- The task:
Lines before the one containing "Floral style earrings" are excluded; reproduce that line and all lines after it in the entries below, exactly.

Given information below:

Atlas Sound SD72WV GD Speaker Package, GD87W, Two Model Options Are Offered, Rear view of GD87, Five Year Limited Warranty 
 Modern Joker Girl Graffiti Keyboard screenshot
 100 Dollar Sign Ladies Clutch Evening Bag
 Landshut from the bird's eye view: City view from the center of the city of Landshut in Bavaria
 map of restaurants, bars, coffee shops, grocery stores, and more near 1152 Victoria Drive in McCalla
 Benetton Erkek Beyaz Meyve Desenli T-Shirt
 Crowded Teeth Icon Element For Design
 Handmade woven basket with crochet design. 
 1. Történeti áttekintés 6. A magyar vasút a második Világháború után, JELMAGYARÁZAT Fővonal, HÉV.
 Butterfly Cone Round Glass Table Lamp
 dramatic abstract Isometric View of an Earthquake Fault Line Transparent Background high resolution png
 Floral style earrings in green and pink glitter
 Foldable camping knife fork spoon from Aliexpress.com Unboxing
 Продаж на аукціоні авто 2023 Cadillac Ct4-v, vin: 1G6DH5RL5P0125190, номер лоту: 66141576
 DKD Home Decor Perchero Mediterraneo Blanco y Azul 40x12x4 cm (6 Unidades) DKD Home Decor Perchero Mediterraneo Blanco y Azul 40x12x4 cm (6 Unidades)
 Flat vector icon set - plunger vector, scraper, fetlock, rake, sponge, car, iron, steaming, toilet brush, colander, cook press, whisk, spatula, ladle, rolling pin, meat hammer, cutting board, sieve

End of Given information.

- Exercise output:
 Floral style earrings in green and pink glitter
 Foldable camping knife fork spoon from Aliexpress.com Unboxing
 Продаж на аукціоні авто 2023 Cadillac Ct4-v, vin: 1G6DH5RL5P0125190, номер лоту: 66141576
 DKD Home Decor Perchero Mediterraneo Blanco y Azul 40x12x4 cm (6 Unidades) DKD Home Decor Perchero Mediterraneo Blanco y Azul 40x12x4 cm (6 Unidades)
 Flat vector icon set - plunger vector, scraper, fetlock, rake, sponge, car, iron, steaming, toilet brush, colander, cook press, whisk, spatula, ladle, rolling pin, meat hammer, cutting board, sieve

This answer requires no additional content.